“What happened that day, Aiden?” I asked when he went silent. Between the passage and the note I was still clutching between my fingers, I had a terrible suspicion that I already knew, but I couldn’t believe it.
I didn’t want to.
“It was a few days after I’d turned sixteen. My father had gotten me a car for my birthday, which had pissed off my mother and stepfather, but I didn’t care. We were coming up here that weekend, and I couldn’t wait to show the car off to my friends. I made plans to meet up with them that Saturday afternoon. Danny was upset and didn’t want me to go. He wanted me to take him back to the city to the Botanical Gardens. He kept begging me…” Aiden’s voice dropped off, and he dashed at his eyes.
“Why was he upset? Did something happen?”
Aiden nodded, but didn’t say anything for quite a while. When he did speak, his voice was so low, I had to lean into him to hear it. “Danny used to get picked on a lot at school because he was different. Some kids messed with his locker that Friday and one of them knocked him down, I guess. He wouldn’t talk about it much. The bully ripped up the copy of The Secret Garden that our grandmother had given him— the one I’d always read to him. He was so upset about it. My mother tried to calm him down, but my stepfather kept telling Danny it was his own fault… told him he should’ve stood up for himself. Said if he wasn’t so fucking weird, the other kids wouldn’t pick on him all the time. I’d just gotten home when I heard my stepfather say that shit to Danny. I told Keith to fuck off and then took Danny to my room, promising him it would be okay.”
Aiden shook his head and began wiping at his eyes. I didn’t need the light to know there were tears tracking down his face.
“He was so upset, nothing I said would calm him down. He finally fell asleep in my bed. We left for the beach the next morning. Danny rode with my mother and stepfather. I drove on my own and stopped at a bookstore that carried a lot of first editions. I used birthday money from my mom, along with some that I’d saved up, to buy him this edition,” Aiden explained as he pointed to the book that now rested on my lap. “I gave it to him when I got to the beach house. I thought it would make him happy, but he just kept begging me to take him to the Botanical Gardens.”
Aiden let out a choked sob before saying, “I promised I’d take him the next day. He cried and told me it had to be now… I was so fucking selfish, Ash. So fucking selfish!” He suddenly slammed his fist into the sand next to him. Before I could say anything, he said, “That goddamn car!” he snapped. “I chose that fucking car over my brother.”
He shook his head and dug his fingers angrily into the sand. “All I wanted was to see the expressions on my friends’ faces when I showed it to them. I knew I could make it up to Danny the next day.”
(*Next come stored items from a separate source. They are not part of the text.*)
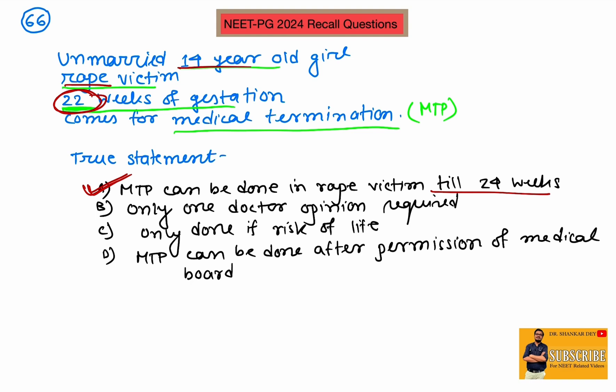Evaluating the other statements: only one doctor's opinion? No — at 22 weeks (between 20 and 24 weeks), two doctors are needed. Can it only be done if there is risk to life? No — this is on humanitarian grounds for a rape victim; it can be done even without risk to life. Does it need medical board permission at 22 weeks? No — two doctors are sufficient. The correct statement is: MTP can be done in a rape victim till 24 weeks.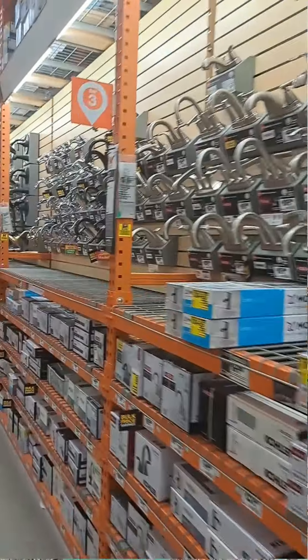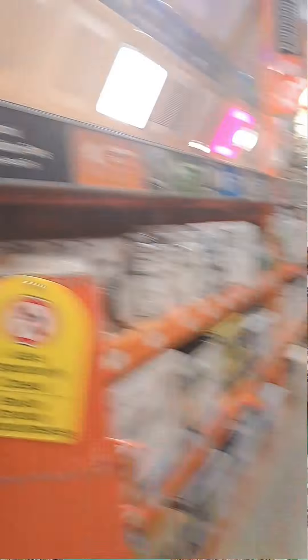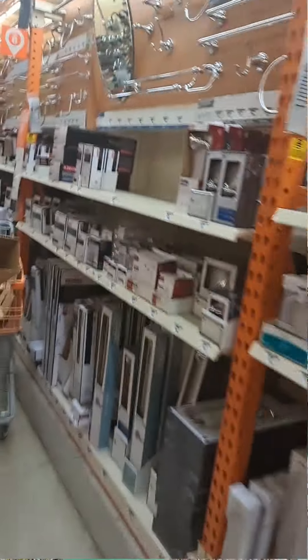What I'm doing here is counting the bays, and there are 10 on each side of the aisle. Most of the aisles at Home Depot are pretty typically this, or pretty close to it, with a few exceptions.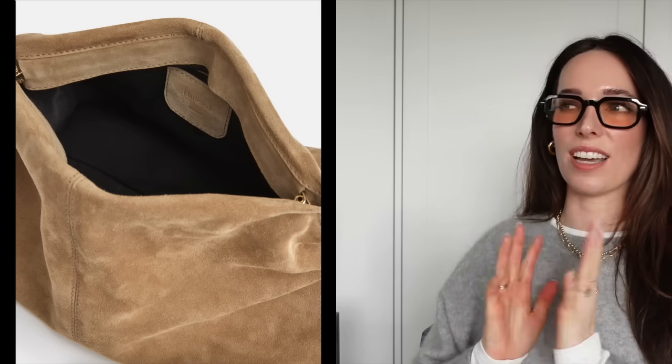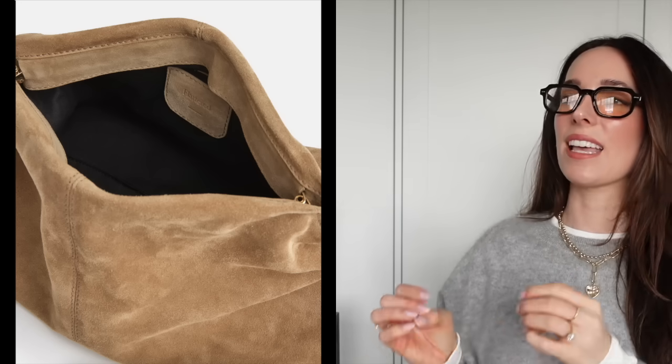One more handbag on my wish list is from the brand Flattered — such a cool Scandinavian brand with really minimal designs and great quality leather. This suede clutch is to die for. It's in the shade clay, just a gorgeous piece. Really minimal, really simple, very much hitting that quiet luxury style note — no logos on it, and it looks beautiful slouched under the arm. It's like an oversized clutch, a very easy bag to wear.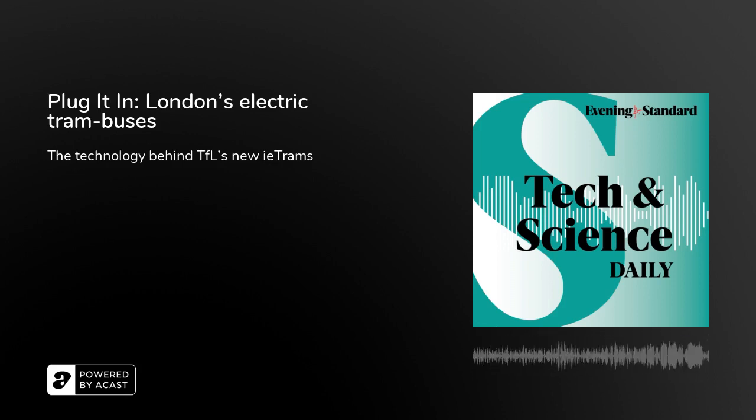That's it from this special episode of Tech and Science Daily. We'll be back tomorrow at 1pm. See you then.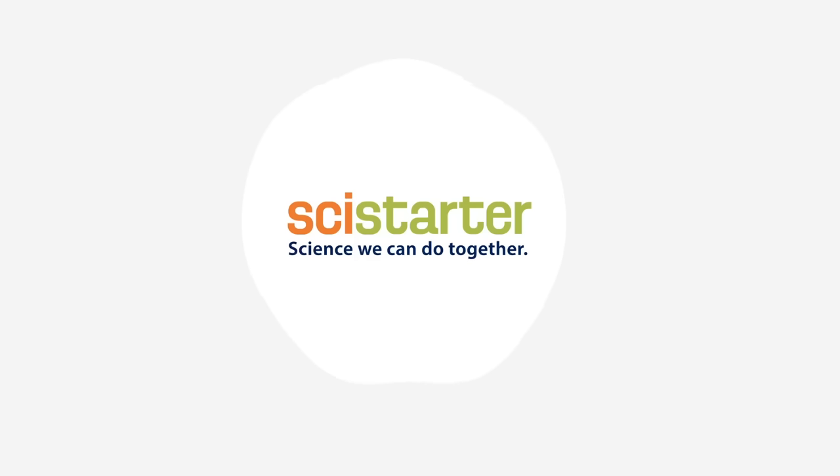This SciShow video is supported by SciStarter, a site of thousands of citizen science projects and events in need of help from people like you.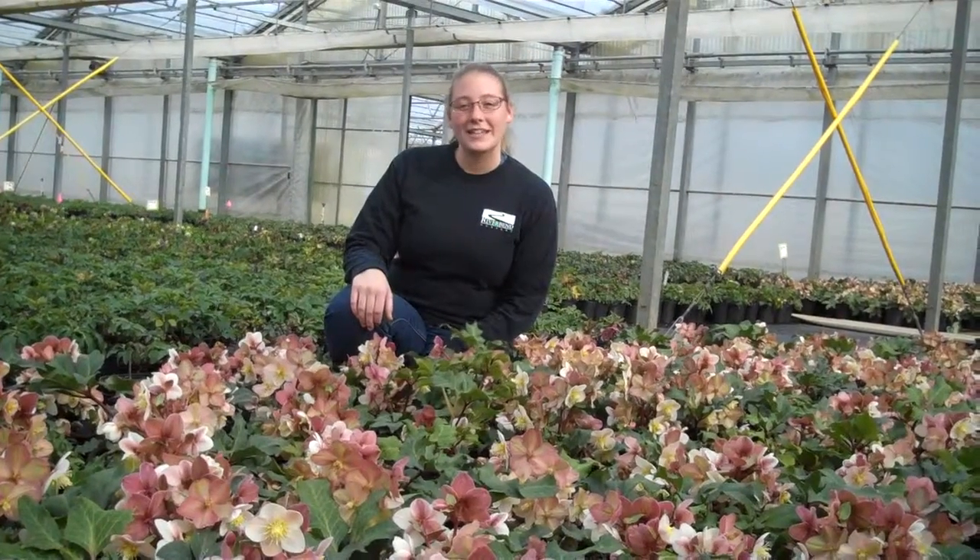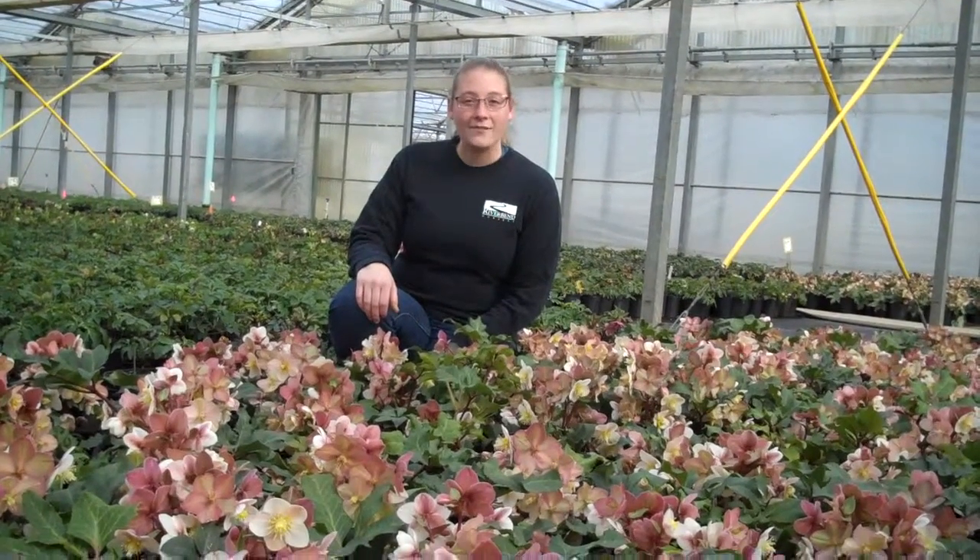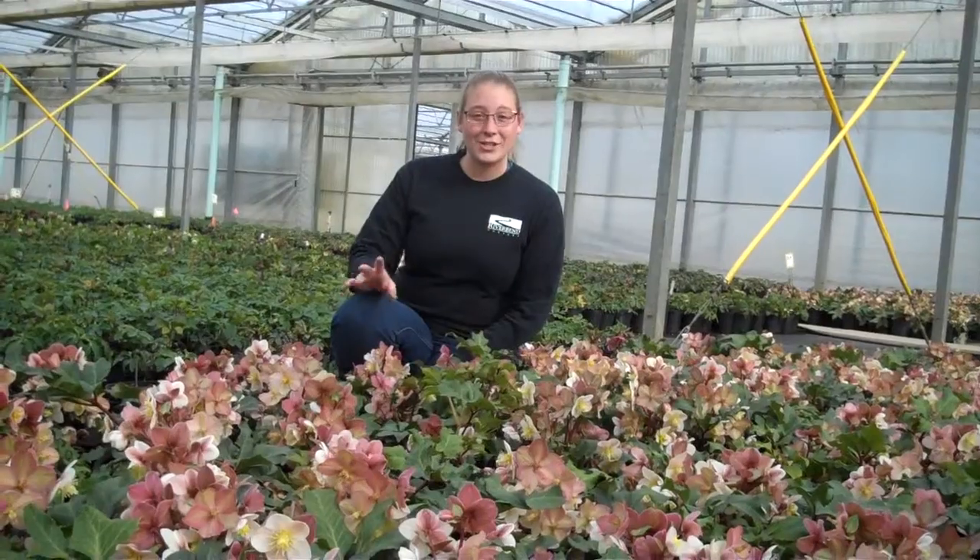It's an evergreen plant. It grows in zones 5 to 9, and it would be a great addition to your garden center to add some color to your landscape.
Emotion clogged my throat because I knew my instincts had been right. I closed my fingers over Aiden’s other hand, the one that had been clenched and banging against his thigh as he spoke. I wasn’t sure if it was my touch or something else, but Aiden calmed enough to continue.
“I got home late that night— it was just after midnight and I was sneaking in through the side door so I wouldn’t have to deal with Keith yelling at me for missing curfew. That’s when I saw Danny. He was standing right here,” Aiden murmured as he sifted his fingers through the sand next to him. “He was just standing here, staring at the ocean. He wasn’t wearing anything besides his pajama bottoms. I asked him what he was doing, but he didn’t answer me. It was like he was looking right through me. He was so… calm. I told him I was sorry I’d left. He told me it was okay. That’s it. ‘It’s okay, Aiden.’” Aiden shook his head.
“I thought we were good. We used to go swimming sometimes at night, even though we weren’t supposed to, so I figured that was what he was doing. I told him to wait for me while I went and changed. But he didn’t…”
I pulled Aiden’s fist to my chest and clung to his hand with both of mine. I pressed a kiss to his tight fingers, but didn’t speak. I already knew what Aiden was going to tell me, but I also knew he needed to say it out loud.